The miscellaneous lots came next including a good section of advertising lots that roared away beyond expectation! Two lots of four cardboard signs advertising everything from “Mrs Winslow’s Soothing Syrup” to “Yorkshire Relish” made £800 and £1,250 respectively. Then some stylish petroleum globes sold very well, with best of the standard sized models making £750 for a Regent TT globe. But the biggest shock of the day came with four very small petrol globes that proved a really rare gem that attained an unbelievable £6,200. Another lot that tipped the balance whilst coming under the sale headline of “collectors” came within a small but interesting collection of J. R. R. Tolkien related items, with the best of which being a limited edition book The Silmarillion, signed by the author’s son Christopher Tolkien, that made an exceptional £5,000.
Back on track with the more typical toys a great little collection of Sutcliffe model boats sold well, with the best price landing at £250 for a clockwork battleship; great to see as originally these models were made just down the road from our premises! Again, showing the power in modern plastics, Lego sold well with the best price being £240 for a Lego 8421 Mobile Crane. However the best of this section was seen with an interesting little Chinese tinplate monkey, mechanised to climb a string, that made £400.
The engineering lots always sell well, with a great overlap between hardened toy collectors and garden shed steam engineering enthusiasts. A tidy little Max Hemmens dribbler made a healthy £110, and a collection of well-played with Mamod sold better than expected with the best making £190, for a lot that two years ago might have only made £50 - perhaps the reaction to the fact that the company Mamod closed around a year ago. The best of the collection came with few surprises, when a very large and smartly produced 2 1/2" gauge Atlantic 4-4-2 live steam locomotive hit its mid estimate at £400.
Next came a huge offering of 00-gauge trains, with over 420 lots on offer and a collective section total of close to £40,000. The best of the singular trains unusually came within the American models with a Broadway Limited HO scale DCC sound fitted Union Pacific Challenger 382 locomotive making £260 and an MTH M4 Yellowstone Duluth Missabe Iron Range 228 locomotive making £360. British brands such as Hornby still did us proud with £130 for a vintage girder bridge and £140 for a Caledonian Set with Duchess locomotive.
Rolling into the station after the 00-gauge, was the 0 gauge. A more classical section which in recent years has not been as buoyant as historically, so I was very happy with our results with quality really shining through and bucking the trend. The best of the bunch was seen with an MTH 0-gauge Duchess of Abercorn locomotive that made £350, a very smart Ace train 0-gauge BR Britannia Class locomotive William Shakespeare that made £460 and a very well-made Steam Age London live LMS Compound locomotive that fetched £1,250.

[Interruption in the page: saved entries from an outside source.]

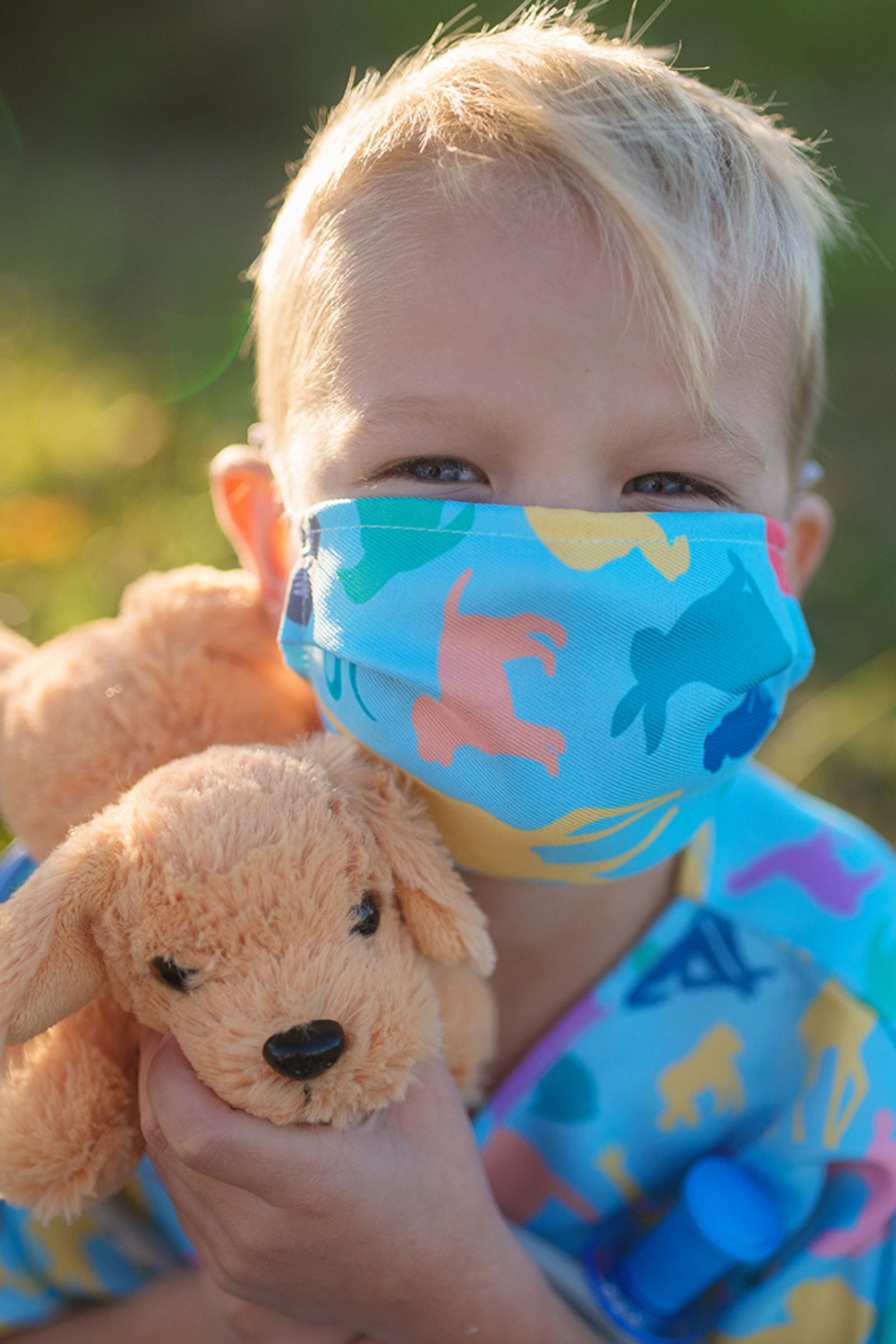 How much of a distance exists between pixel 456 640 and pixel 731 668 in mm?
263

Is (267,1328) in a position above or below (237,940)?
below

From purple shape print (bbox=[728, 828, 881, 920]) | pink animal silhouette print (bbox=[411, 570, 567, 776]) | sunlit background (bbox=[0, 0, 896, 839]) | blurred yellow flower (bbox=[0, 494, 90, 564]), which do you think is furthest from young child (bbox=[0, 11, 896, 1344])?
blurred yellow flower (bbox=[0, 494, 90, 564])

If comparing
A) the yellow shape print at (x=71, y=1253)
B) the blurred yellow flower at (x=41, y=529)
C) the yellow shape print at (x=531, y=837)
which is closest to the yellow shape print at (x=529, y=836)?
Result: the yellow shape print at (x=531, y=837)

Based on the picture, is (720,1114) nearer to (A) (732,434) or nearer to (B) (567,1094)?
(B) (567,1094)

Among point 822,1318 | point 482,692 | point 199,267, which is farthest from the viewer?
point 199,267

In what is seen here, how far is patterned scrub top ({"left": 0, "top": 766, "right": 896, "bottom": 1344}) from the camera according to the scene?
1.11 meters

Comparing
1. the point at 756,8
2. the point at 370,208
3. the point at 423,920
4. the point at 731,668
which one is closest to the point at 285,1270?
the point at 423,920

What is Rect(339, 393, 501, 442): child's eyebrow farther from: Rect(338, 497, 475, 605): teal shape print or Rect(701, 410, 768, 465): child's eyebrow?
Rect(701, 410, 768, 465): child's eyebrow

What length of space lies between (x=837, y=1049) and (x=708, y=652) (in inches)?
22.2

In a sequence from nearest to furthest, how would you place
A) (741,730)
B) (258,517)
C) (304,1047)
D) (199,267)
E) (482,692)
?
(304,1047) < (482,692) < (741,730) < (258,517) < (199,267)

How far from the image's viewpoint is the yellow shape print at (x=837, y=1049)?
1130 mm

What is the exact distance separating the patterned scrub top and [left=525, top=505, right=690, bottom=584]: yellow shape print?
1.78 ft

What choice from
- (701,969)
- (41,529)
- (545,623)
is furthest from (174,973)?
(41,529)

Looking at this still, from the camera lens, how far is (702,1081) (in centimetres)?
118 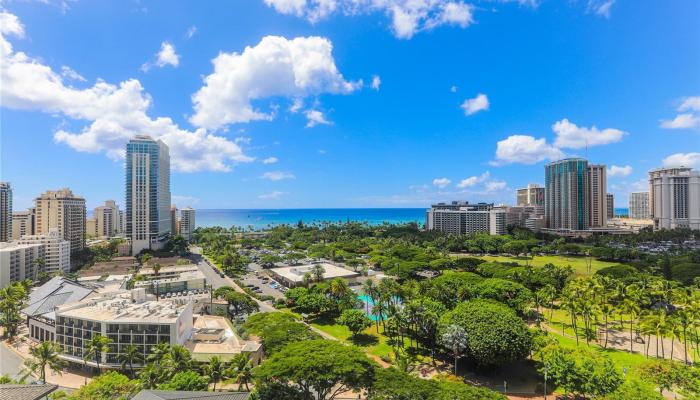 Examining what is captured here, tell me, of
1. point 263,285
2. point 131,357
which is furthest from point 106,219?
point 131,357

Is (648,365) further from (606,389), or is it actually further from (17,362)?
(17,362)

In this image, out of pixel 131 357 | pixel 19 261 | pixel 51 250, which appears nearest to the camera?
pixel 131 357

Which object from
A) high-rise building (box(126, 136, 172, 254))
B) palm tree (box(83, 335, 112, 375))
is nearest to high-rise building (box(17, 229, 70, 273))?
high-rise building (box(126, 136, 172, 254))

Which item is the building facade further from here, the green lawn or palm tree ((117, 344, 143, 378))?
the green lawn

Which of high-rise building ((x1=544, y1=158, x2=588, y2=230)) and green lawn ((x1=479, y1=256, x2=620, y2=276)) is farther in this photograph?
high-rise building ((x1=544, y1=158, x2=588, y2=230))

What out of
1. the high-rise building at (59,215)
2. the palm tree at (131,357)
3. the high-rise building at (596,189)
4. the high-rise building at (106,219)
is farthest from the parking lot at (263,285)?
the high-rise building at (596,189)

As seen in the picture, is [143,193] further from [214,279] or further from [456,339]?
[456,339] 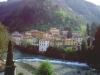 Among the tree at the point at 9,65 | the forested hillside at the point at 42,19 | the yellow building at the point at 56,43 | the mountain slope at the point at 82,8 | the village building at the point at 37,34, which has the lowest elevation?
the tree at the point at 9,65

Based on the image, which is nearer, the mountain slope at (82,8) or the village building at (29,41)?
the village building at (29,41)

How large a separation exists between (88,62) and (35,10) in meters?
63.2

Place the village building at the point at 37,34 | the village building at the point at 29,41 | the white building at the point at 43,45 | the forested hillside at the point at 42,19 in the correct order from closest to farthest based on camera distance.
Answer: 1. the white building at the point at 43,45
2. the village building at the point at 29,41
3. the village building at the point at 37,34
4. the forested hillside at the point at 42,19

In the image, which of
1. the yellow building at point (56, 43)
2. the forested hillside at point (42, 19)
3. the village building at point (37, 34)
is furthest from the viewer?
the forested hillside at point (42, 19)

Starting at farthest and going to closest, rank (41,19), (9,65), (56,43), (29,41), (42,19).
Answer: (42,19), (41,19), (29,41), (56,43), (9,65)

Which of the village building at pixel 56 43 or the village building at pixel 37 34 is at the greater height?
the village building at pixel 37 34

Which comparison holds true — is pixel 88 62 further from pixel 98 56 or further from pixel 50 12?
pixel 50 12

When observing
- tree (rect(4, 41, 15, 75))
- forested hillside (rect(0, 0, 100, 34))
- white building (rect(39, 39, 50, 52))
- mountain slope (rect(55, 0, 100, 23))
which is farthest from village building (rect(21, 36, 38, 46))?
mountain slope (rect(55, 0, 100, 23))

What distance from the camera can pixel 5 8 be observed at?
164m

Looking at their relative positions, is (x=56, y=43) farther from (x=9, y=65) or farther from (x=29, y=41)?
(x=9, y=65)

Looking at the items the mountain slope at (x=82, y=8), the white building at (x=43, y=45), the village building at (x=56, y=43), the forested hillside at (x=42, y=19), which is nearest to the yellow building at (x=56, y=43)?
the village building at (x=56, y=43)

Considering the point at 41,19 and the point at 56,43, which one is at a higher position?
the point at 41,19

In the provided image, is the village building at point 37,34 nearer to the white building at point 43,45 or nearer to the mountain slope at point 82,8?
the white building at point 43,45

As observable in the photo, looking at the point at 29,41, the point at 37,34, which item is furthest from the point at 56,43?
the point at 37,34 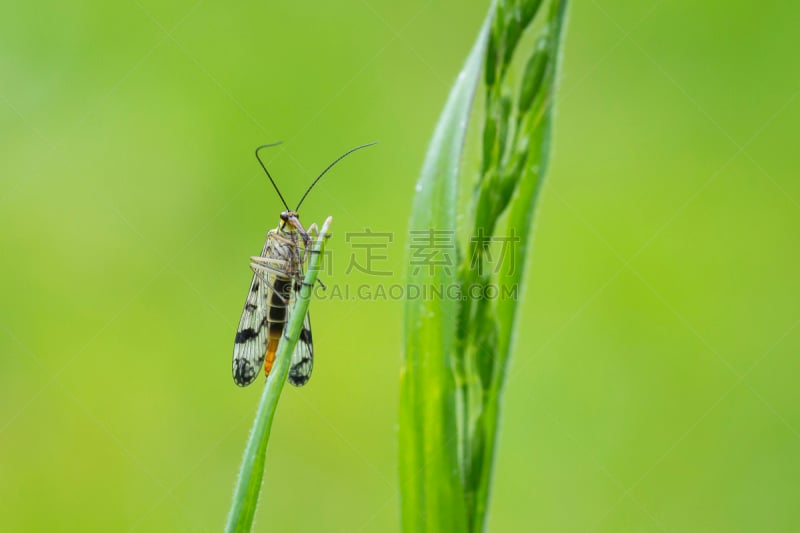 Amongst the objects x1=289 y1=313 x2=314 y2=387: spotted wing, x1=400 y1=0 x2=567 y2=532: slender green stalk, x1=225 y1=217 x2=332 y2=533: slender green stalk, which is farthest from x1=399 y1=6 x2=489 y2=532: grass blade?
x1=289 y1=313 x2=314 y2=387: spotted wing

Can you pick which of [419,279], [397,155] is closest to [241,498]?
[419,279]

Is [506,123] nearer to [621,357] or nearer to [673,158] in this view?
[621,357]

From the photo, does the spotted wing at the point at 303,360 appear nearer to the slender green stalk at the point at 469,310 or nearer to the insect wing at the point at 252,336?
the insect wing at the point at 252,336

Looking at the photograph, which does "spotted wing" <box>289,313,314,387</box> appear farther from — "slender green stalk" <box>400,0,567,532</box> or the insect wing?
"slender green stalk" <box>400,0,567,532</box>

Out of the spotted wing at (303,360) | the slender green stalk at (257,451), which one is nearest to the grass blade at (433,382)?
the slender green stalk at (257,451)

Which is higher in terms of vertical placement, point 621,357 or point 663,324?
point 663,324

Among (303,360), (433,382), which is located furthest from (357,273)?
(433,382)

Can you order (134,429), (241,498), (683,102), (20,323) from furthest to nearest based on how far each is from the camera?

Last we had the diecast vehicles, starting with the miscellaneous makers and working through the Matchbox, to the Corgi and last the Dinky. Although some singular cars did sell well, such as a Corgi Batmobile that made £120, some of the best prices were seen within the group and playworn lots, such as a box of well-loved Dinky cars that made £250 and ten Landsdowne models that made £320. My favourite lots of the section were two large scale model tanks by Valor, items never made for kids, but adult military enthusiasts and one even being stored in a huge faux ammunition crate, the first sold for £320 and the second for £340.
All in all, it was a greatly successful sale, with something for everyone and brilliant 93% sold rate. We already have our sale dates for next year and will be avidly collection between now and the start of 2026 for our next Toy Sale.